Qualitative results of MAPCRCI-DMPLC

7 Discussion

This study discusses the proposed MAPCRCI-DMPLC technique with the existing MVDRNet, Multi-Scale Shallow CNN-based integrated model, Deep Residual CNN, MPDCNN, and Hybrid Deep Learning Approach based on various parameters, such as PSNR, DDA, FPR, and DDT. Compared with standard existing methods, the proposed MAPCRCI-DMPLC technique is to get the best performance for the desired output. Contrary to existing works, the MAPCRCI-DMPLC technique is designed with the innovation of MAP estimated local region filtering technique, Camargo index, Concordance Correlative Regression, Gradient function, and swish activation function. At first, MAP estimated local region filtering is employed to execute preprocessing to reduce the noise and improve the image quality. In this manner, MSE is decreased and PSNR is enhanced. Second, the novelty of Camargo’s index is developed to extract ROI. The features are extracted by using the novelty of Concordance Correlative Regression with the lowest time. Next, the swish activation function is for examining extracted features and testing disease features to classify different levels with higher accuracy. Gradient descent functions are utilized for finding the lowest error. This helps to minimize the false positive rate. Table 10 provides a detailed comparison of the proposed technique with the state-of-the-art methods.

Table 10 Comparative result analysis of the proposed method with the state-of-the-art methods

In above Table 10, the analysis of the overall results confirms that the proposed MAPCRCI-DMPLC technique improves PSNR, DDA, specificity, and sensitivity and reduces FPR, DDT, and cross-entropy loss by 56.00 dB, 93.30%, 91.11%, 96.35% and 6.77%, 94.36 ms compared to the conventional methods using retinal image dataset respectively.

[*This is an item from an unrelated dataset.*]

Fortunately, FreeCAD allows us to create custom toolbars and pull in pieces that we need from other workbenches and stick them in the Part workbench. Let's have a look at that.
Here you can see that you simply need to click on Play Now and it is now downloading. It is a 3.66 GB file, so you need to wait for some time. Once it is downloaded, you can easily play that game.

8 Conclusion and future work

Diabetic retinopathy is one of the major challenges for people who are suffering from diabetes. Diabetic retinopathy is avoided for early detection. The conventional methods available for this purpose take more time and the prediction accuracy is low and failed to detect in the early stages. If the issue is determined in advanced stages, the chance of proficient treatment for recovery is low. Therefore, early detection with maximum accuracy plays a major task in diabetic retinopathy. Deep learning is one technology that is proficient outcomes in the health domain. Deep Multilayer Perceptive Learning is one of the well-known networks for image analysis. A novel deep learning model called the MAPCRCI-DMPLC technique is used to avoid the problem in early hours detection of diabetic retinopathy disease with multiple layers.

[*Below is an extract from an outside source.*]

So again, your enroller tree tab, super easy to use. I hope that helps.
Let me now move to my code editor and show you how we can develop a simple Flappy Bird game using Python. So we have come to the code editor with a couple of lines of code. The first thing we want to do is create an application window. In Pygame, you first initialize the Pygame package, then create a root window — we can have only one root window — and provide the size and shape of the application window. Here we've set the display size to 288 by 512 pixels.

We preprocessed the input retinal images using the MAP estimated local region filtering technique to get better image superiority. Then the ROI extraction process is carried out to detect the infected region. Then, regarding the texture and color feature, extraction processes are to be performed. Finally, the activation function is used to analyze the feature level by testing disease features. Based on the feature analysis, the different levels of diabetic retinopathy are identified with higher accuracy. To authenticate the proposed method, we conducted the simulation with a diabetic retinopathy dataset.

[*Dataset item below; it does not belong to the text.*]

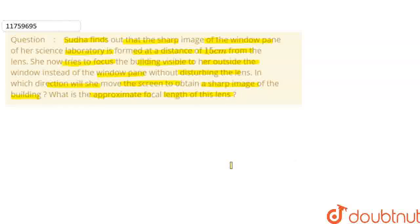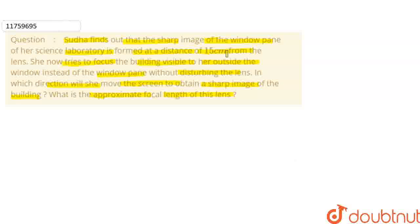Okay, so in this question, what is given? We got a sharp image of the window pen of her science laboratory which is formed at a distance of 15 cm from the lens. Now, try to focus the building visible to her outside the window instead of the window pen without disturbing the lens. We will tell which direction she will move the screen to obtain a sharp image of the building. And in the second part, we will tell what is the approximate focal length of this lens.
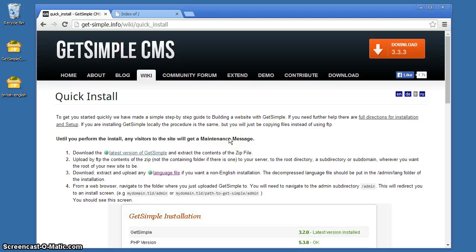Welcome, my name is Timbo. I'm going to show you how to do a quick and trouble-free installation of GetSimple CMS on a web server.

When compared to that method, the proposed MAPCRCI-DMPLC achieves good results for early detection of retinopathy issues in diabetic patients. We derived the quantitative analysis of five methods in terms of PSNR, DDA, FPR, DDT, and Specificity. The comparative result shows that the aim of the proposed MAPCRCI-DMPLC technique has significantly enhanced the accuracy and reduced the time consumption compared to the conventional methods. In the future, we focus on the different multidimensional classifications of diabetic retinopathy disease detection time consumption. Future developments of the proposed method include selecting more advanced neural network architectures such as m deep convolute neural network. A complete and more precise automatic DR grading system would successfully assist the retinopathy screening.